The relative gist of the story involves Annie (Caity Lotz) heading back to her childhood home, due to the recent passing of her Mother. Her sister, who was already at the house, ends up disappearing for unknown reasons, which forces Annie to stay the night with her cousin and niece. After some freaky stuff starts happening, like objects being moved, noises in the wall and the sudden disappearance of her cousin, she decides to hightail it out of the house and head for the police. This is where we’re introduced to Casper Van Dien’s character, Bill Creek, a cliched grizzled cop, with an untucked bowler shirt and brown leather gun holster. Bill helps out Annie a few times, but is mostly wasted, which honestly given Dien’s performance, doesn’t matter in the end. Annie does some investigation work on what’s happening at the house, which involves an old high school buddy, who just happens to conveniently be a psychic and the results end up being more than meets the eye.

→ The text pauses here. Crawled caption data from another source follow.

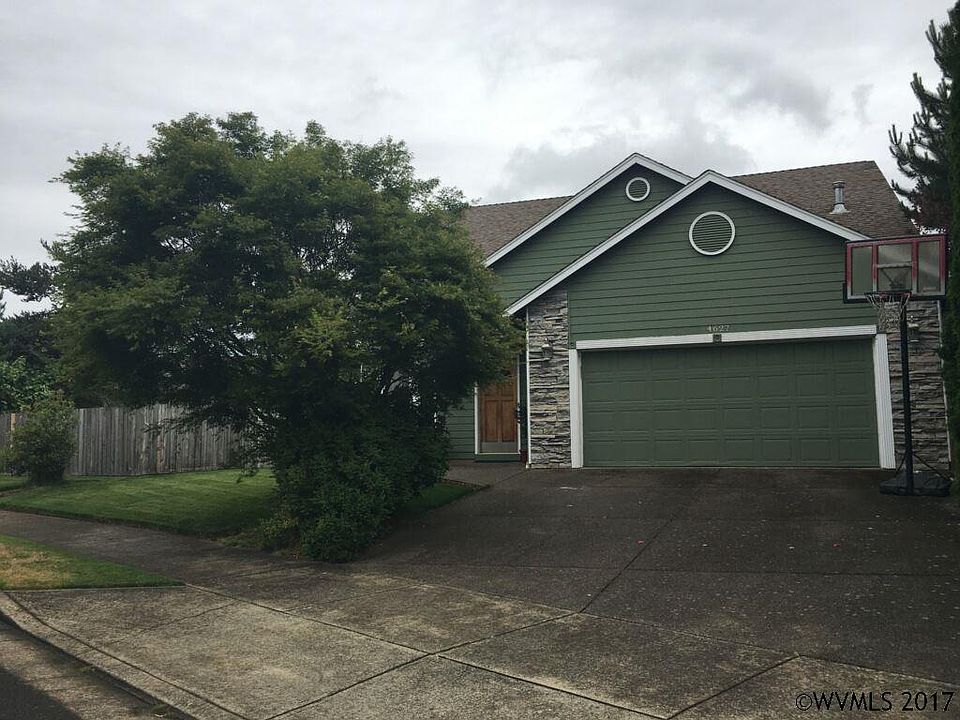 2nd image of 4627 Manning Dr NE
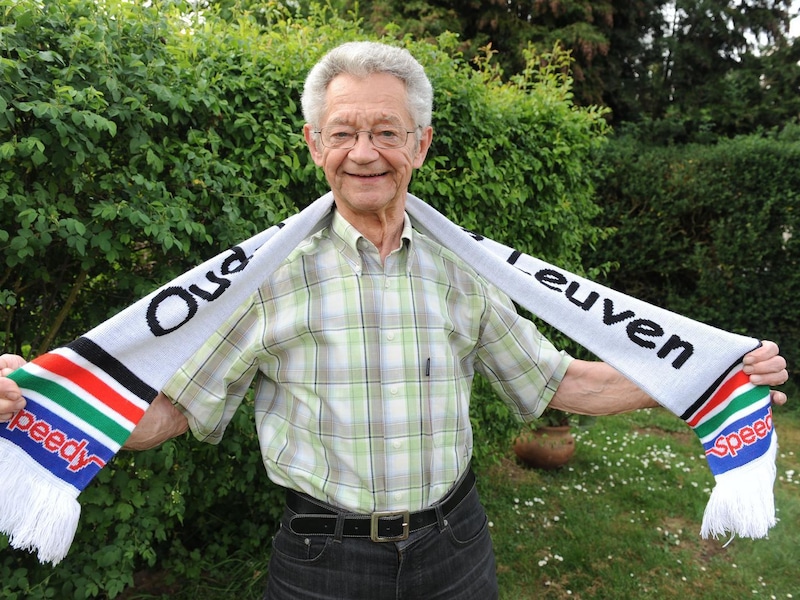 André Van de Putte schreef ook een clublied voor voetbalclub OHL.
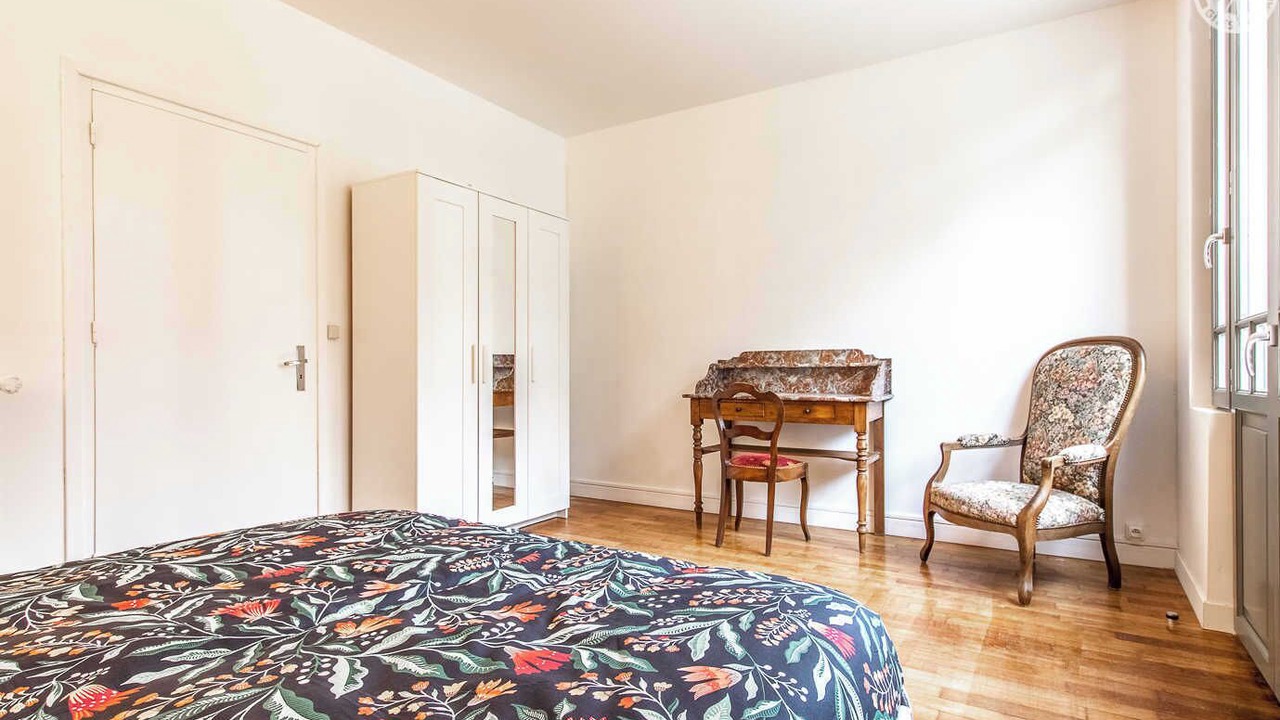 Photo of Bedroom in Tournus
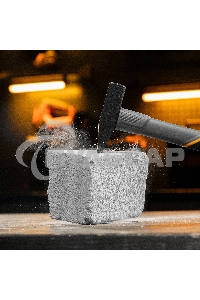 Молоток слесарный Denzel 300 г, кованый, фибергласовая рукоятка c TPR покрытием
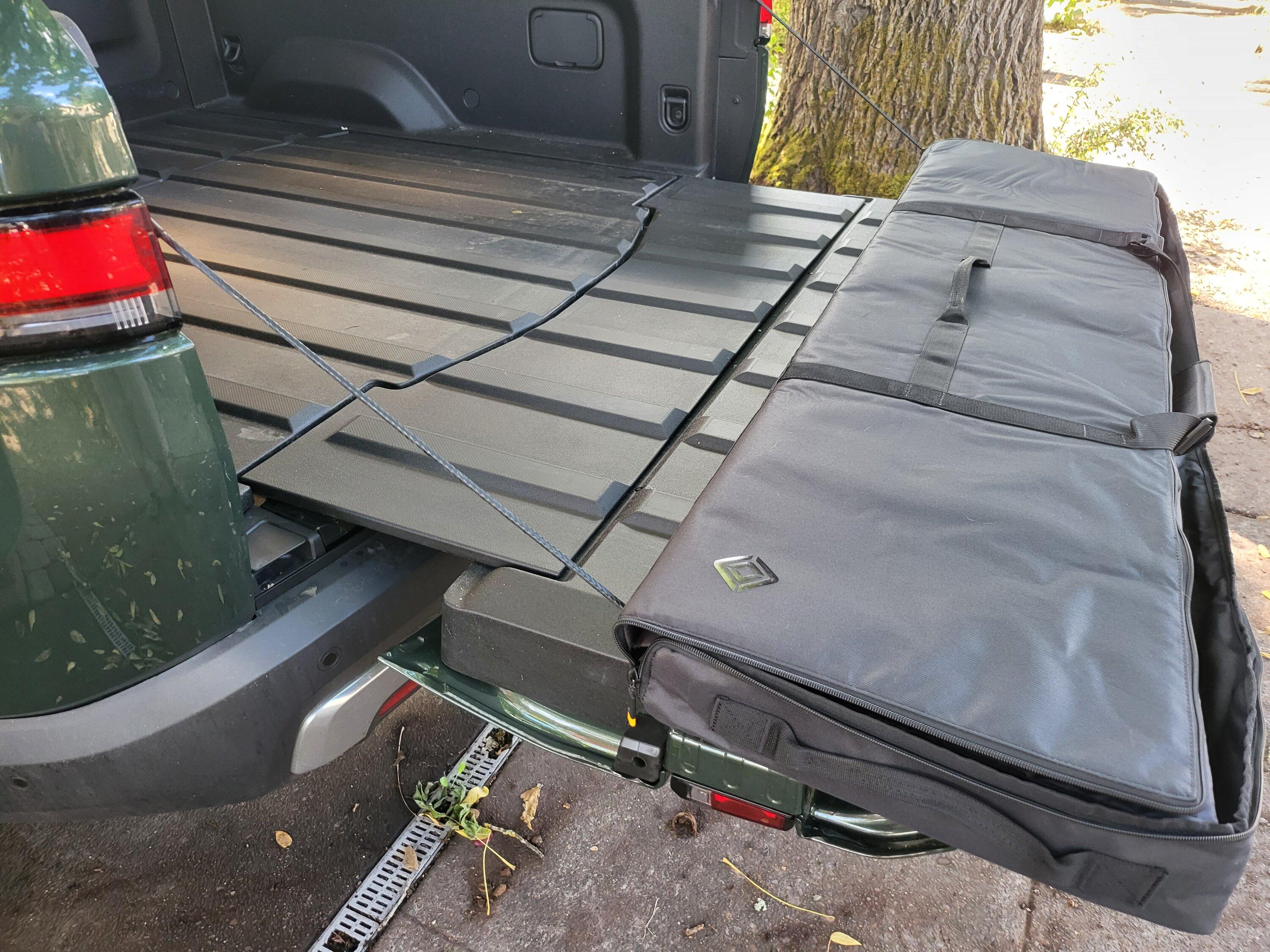 Rivian R1T R1S Pictures & details from my Rivian manual tonneau delivery and installation 20230901_143404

Having already mentioned the wasted Casper Van Dien, I can’t really say much for anyone else either, as even our main character Annie, delivers a few too many stiff lines and makes some real asinine decisions. She isn’t awful, but she does struggle to lead the film. All I can say, is The Pact certainly isn’t leading, ahem, the pack in the acting department.
However, The Pact certainly isn’t lacking the chills, as there are several nicely shot scenes, that may very well chill you to the bone. Unfortunately, even though the film starts out great, with some real genuine thrills, it starts to become less frightening, come the second half. Once we start to move away from the small confined quarters of the house, we start to losing that feeling of dread. Thankfully, things do start to shape up near the end, as we move back into the house. For the most part, I can guarantee you The Pact will deliver at least a few spooky scenes out of its 89 minute run time and I personally loved the “twist” ending, even though there are a few questions left hanging in the air.
The Pact manages to escape the stigma of DTV bargain bin quality and provide us with a chilling mystery, which provides enough creepy moments, mixed with some generally interesting twists. The acting might offend most people, as it just doesn’t quite cut it, but if you look past that, I think you’ll rather enjoy The Pact.